───── Exercise input

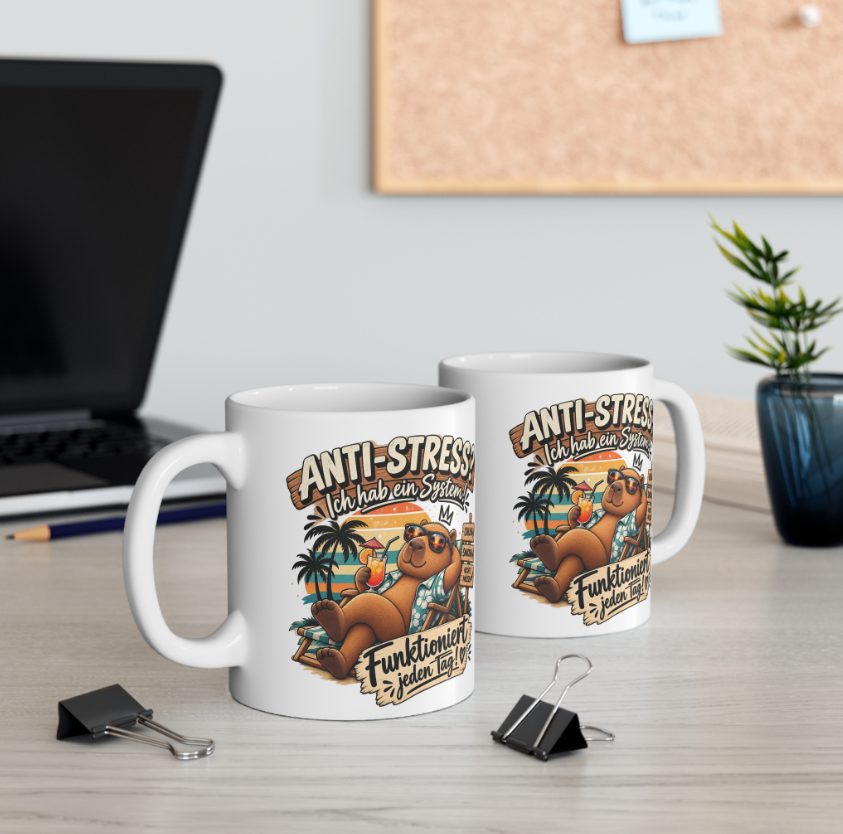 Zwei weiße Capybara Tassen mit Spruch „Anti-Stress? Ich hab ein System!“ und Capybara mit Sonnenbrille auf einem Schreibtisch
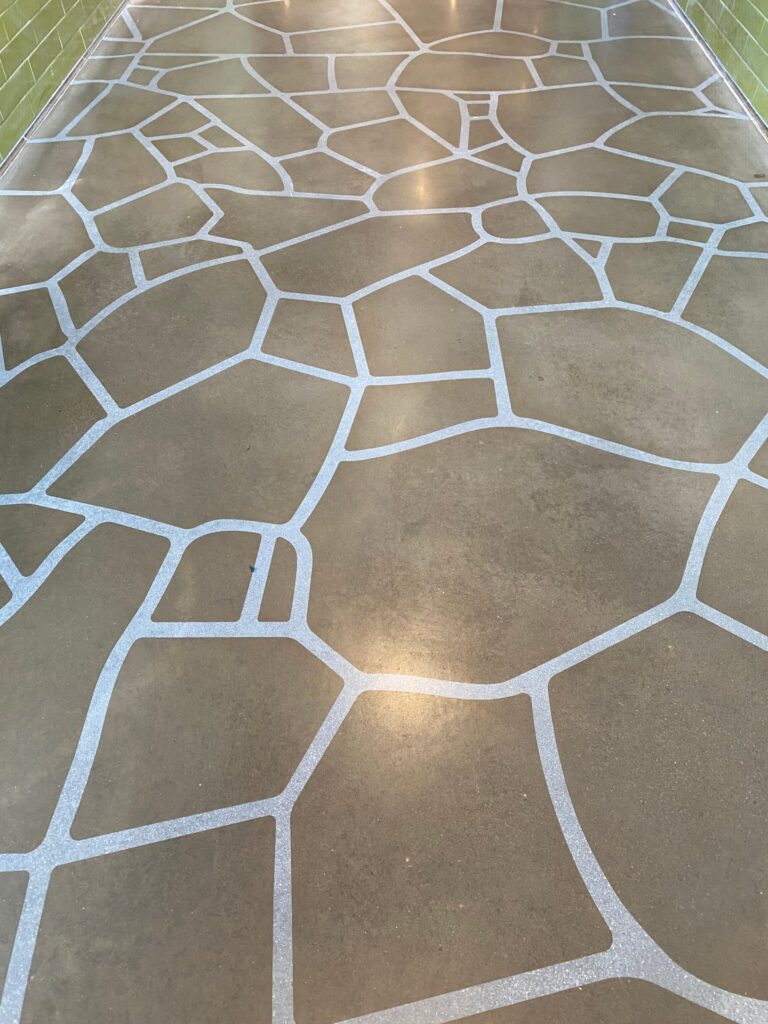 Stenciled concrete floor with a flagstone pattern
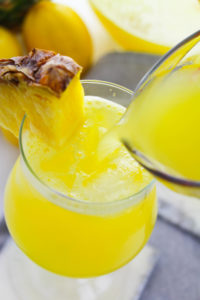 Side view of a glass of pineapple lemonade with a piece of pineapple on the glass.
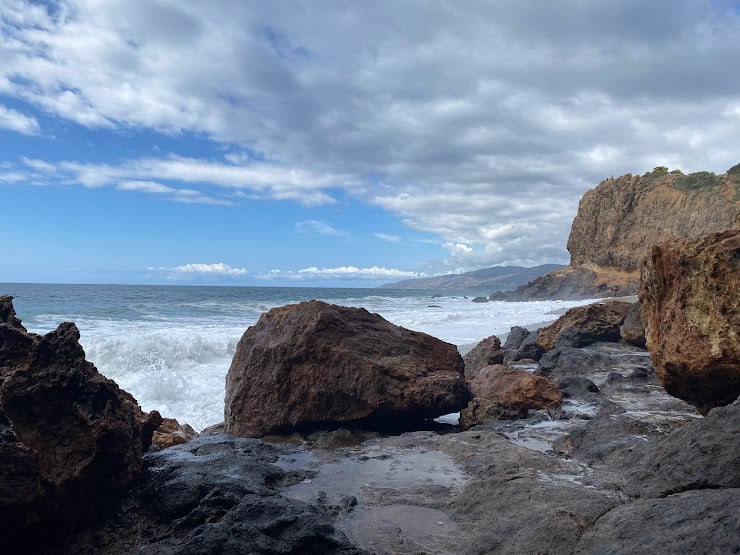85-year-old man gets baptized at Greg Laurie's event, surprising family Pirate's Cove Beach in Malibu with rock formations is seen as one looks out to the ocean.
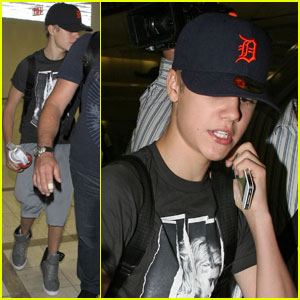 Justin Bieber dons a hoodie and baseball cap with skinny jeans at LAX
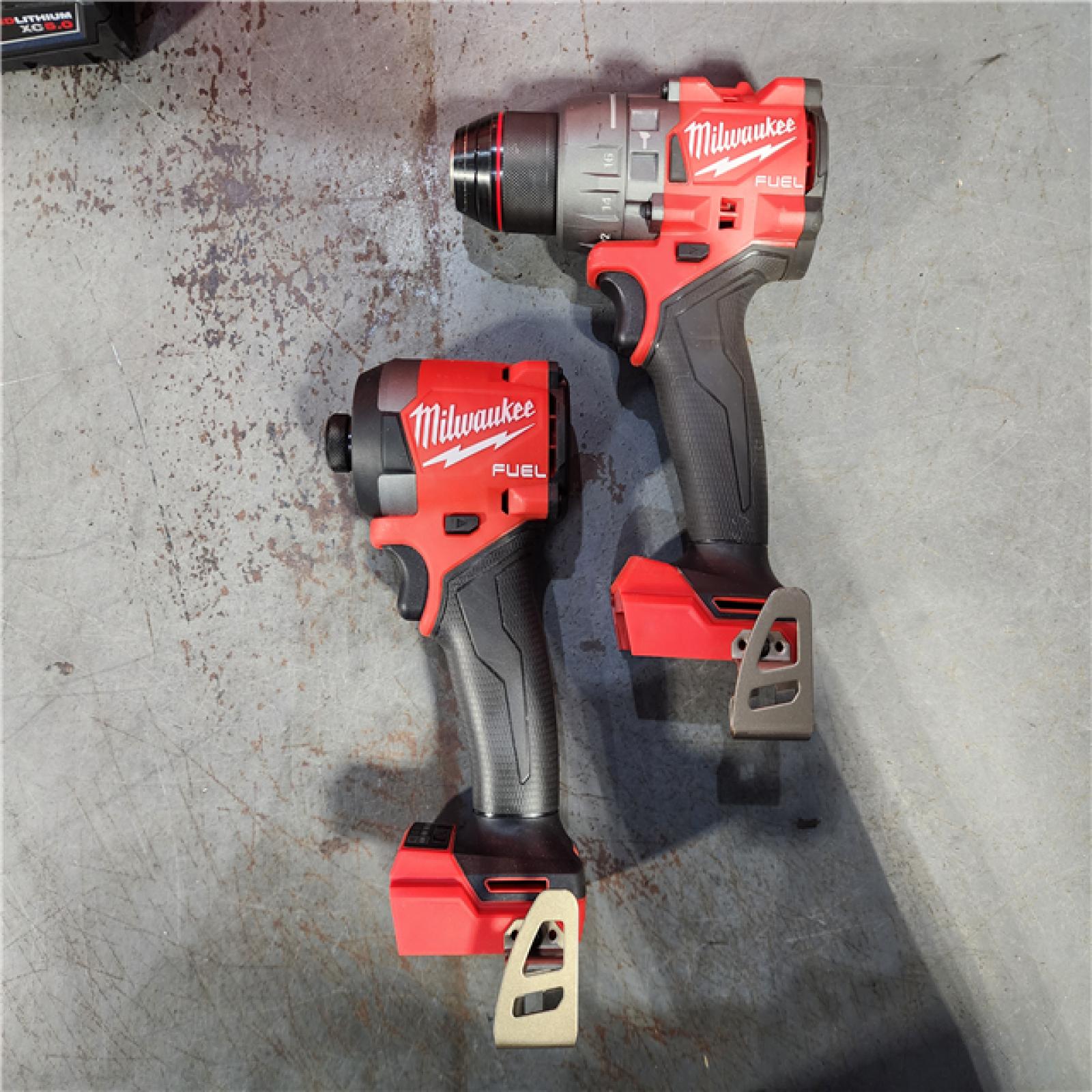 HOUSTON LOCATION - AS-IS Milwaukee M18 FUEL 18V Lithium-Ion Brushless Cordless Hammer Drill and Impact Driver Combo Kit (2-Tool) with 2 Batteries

──────────

→ What the task requires
With pictures excluded, restate word for word the lines from the one that contains "85-year-old man gets" through the end of the material, inclusive, and nothing more.

→ Reply
85-year-old man gets baptized at Greg Laurie's event, surprising family Pirate's Cove Beach in Malibu with rock formations is seen as one looks out to the ocean.
 Justin Bieber dons a hoodie and baseball cap with skinny jeans at LAX
 HOUSTON LOCATION - AS-IS Milwaukee M18 FUEL 18V Lithium-Ion Brushless Cordless Hammer Drill and Impact Driver Combo Kit (2-Tool) with 2 Batteries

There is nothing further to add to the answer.